UK police 'steal' from cars for your own good

Press TV
Thursday, August 27, 2009

Police in the UK capital of London have started taking valuable items from unlocked cars in a bid to help motorists discourage theft.

The new measure allows police officers to sneak into unlocked parked vehicles and take away objects of value left incautiously in the cars, British media quoted a new Scotland Yard statement as saying.

Car owners in the Richmond upon Thames area of South-West London, where the measure has been introduced, have found their valuables including handbags, laptops and satellite navigation devices gone missing after returning to their automobiles.

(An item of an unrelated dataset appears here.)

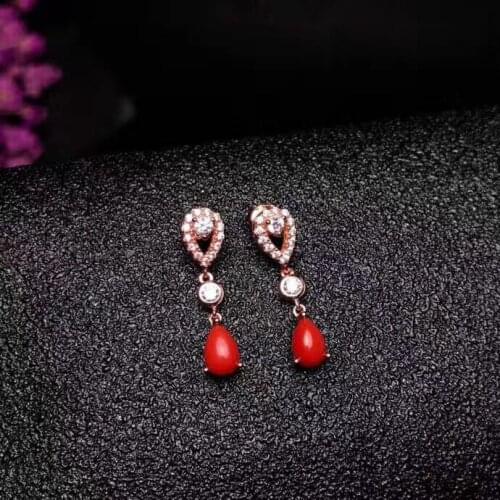 Natural coral ear nails, 925 Sterling silver, new products, manually built by large-brand designers. Recommendation for ladies'e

Indiscreet motorists would see notes on their cars, warning them to 'remove the property for safekeeping' before the police exercises the 'tough love' policy in order to stem theft from cars, which has shown a 40-percent rise in the region over the past several months.

"The message to car owners is: 'Help us to help you,'" AP quoted Richmond Police Chief Inspector Duncan Slade as saying on Wednesday.

The latest stunt carried out by the British police has sparked controversy over possible damages that could be done to personal belongings in the course of the inspections and retrieval of the confiscated items.

However, the metropolitan's law enforcement branch insists that the bid would merely safeguard the repossession of properties abandoned in vehicles with open doors or windows.